WORK TASK: Between the line containing "Peter Smulders bv" and the line containing "Skepta Nike Air" lies a run of lines; give that run again exactly, with both of those lines, and nothing else from the entries below.

THE DATA:
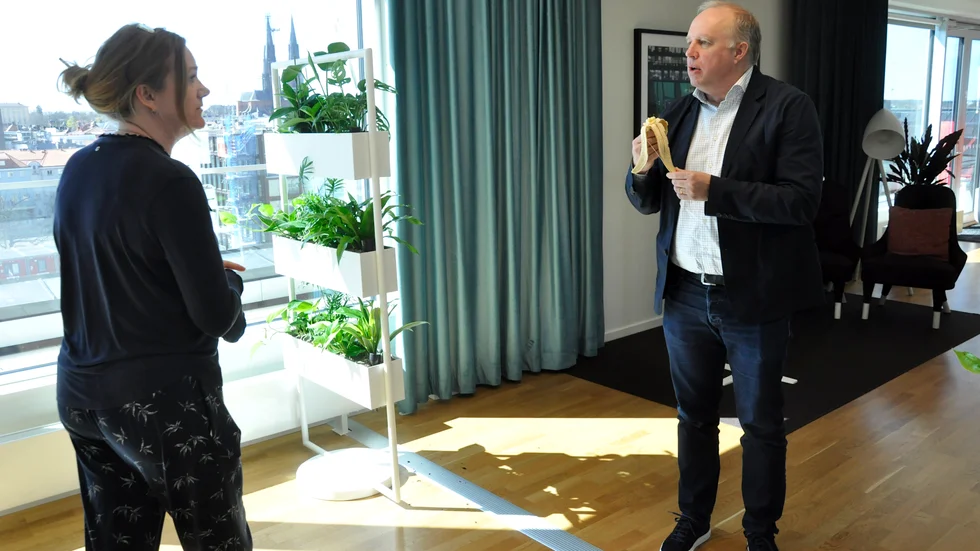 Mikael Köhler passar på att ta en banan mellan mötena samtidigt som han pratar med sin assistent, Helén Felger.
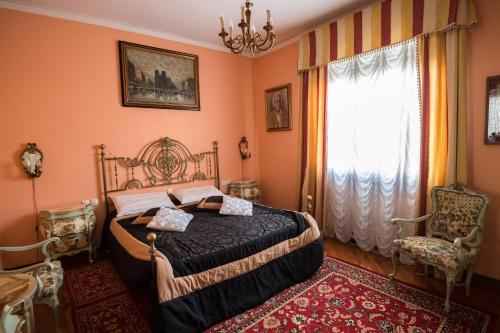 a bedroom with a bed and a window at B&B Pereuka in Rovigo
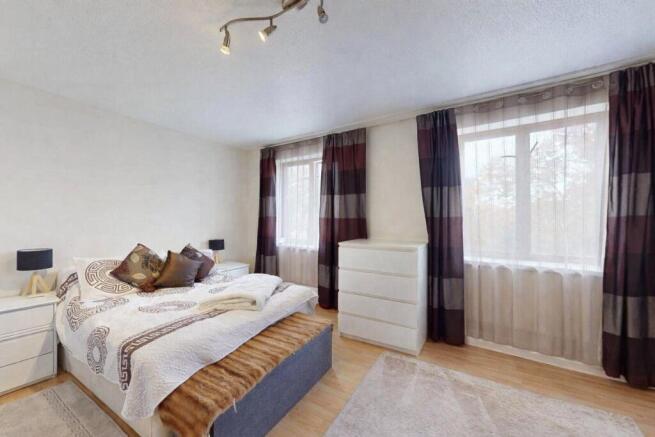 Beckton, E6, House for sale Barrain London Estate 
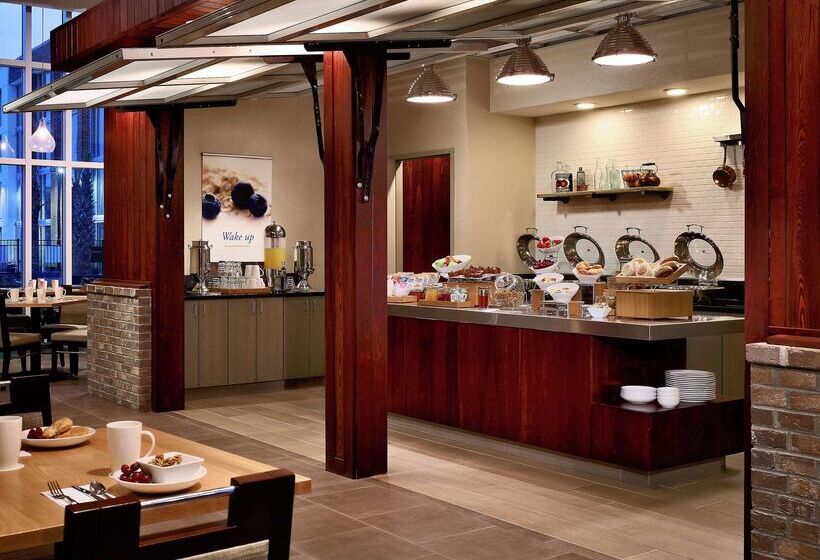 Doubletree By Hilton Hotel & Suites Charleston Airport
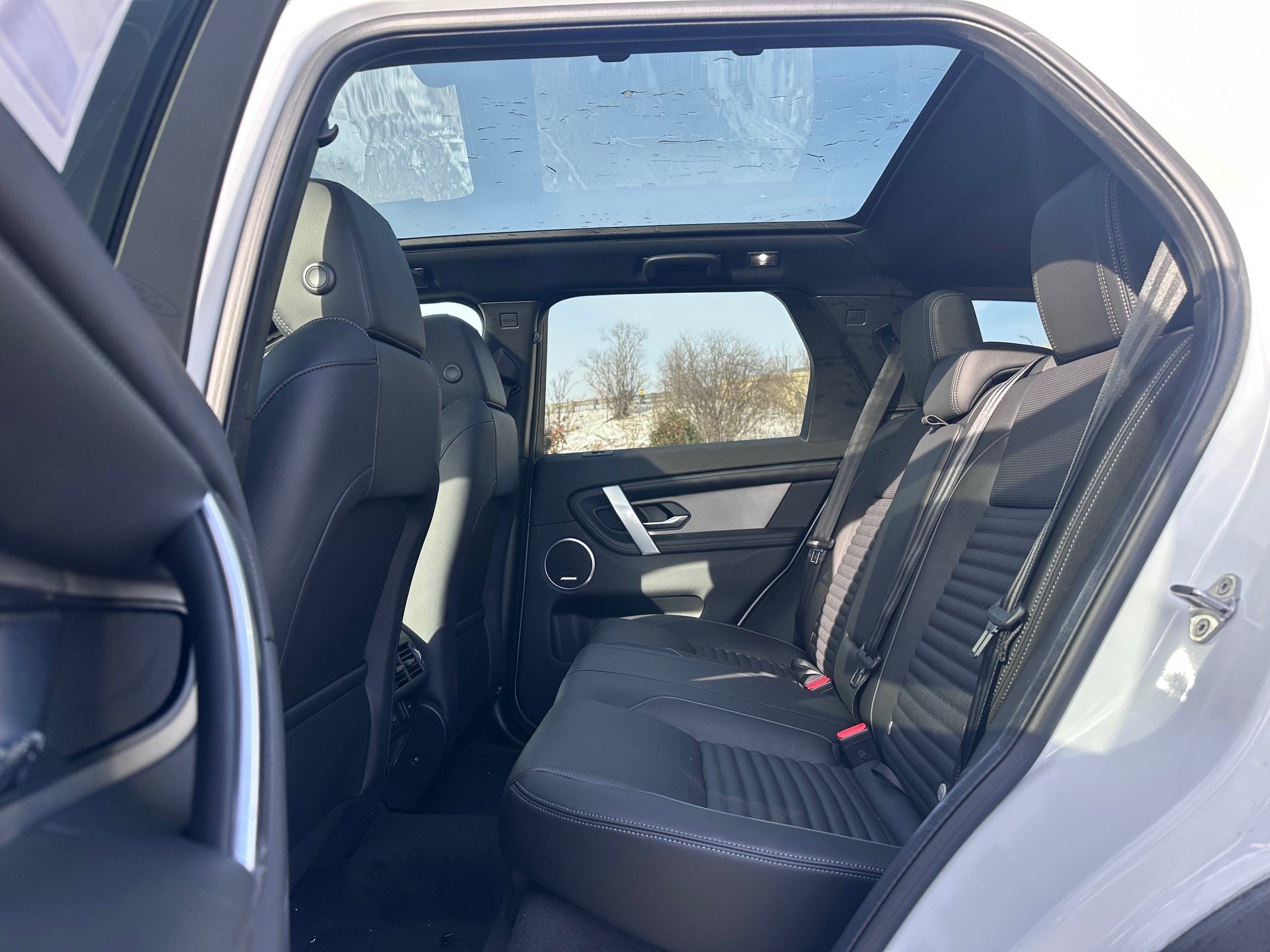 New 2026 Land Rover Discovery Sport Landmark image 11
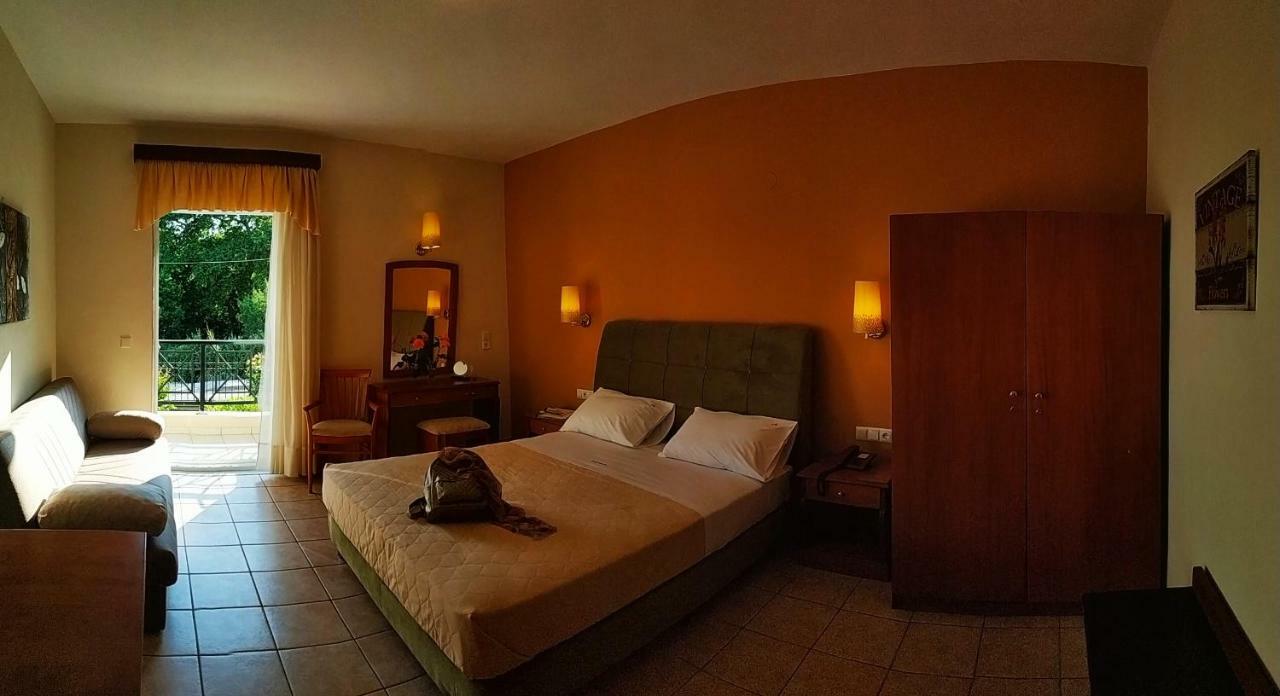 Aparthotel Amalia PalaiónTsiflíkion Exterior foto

...

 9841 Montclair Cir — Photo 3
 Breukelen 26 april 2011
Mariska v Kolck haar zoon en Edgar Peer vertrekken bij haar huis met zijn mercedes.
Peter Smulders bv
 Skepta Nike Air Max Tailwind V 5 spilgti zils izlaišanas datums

==

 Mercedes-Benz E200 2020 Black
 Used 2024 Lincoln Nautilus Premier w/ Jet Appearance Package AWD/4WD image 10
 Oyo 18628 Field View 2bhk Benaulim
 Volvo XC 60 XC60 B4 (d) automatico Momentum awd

SOLVED EXERCISE:
Peter Smulders bv
 Skepta Nike Air Max Tailwind V 5 spilgti zils izlaišanas datums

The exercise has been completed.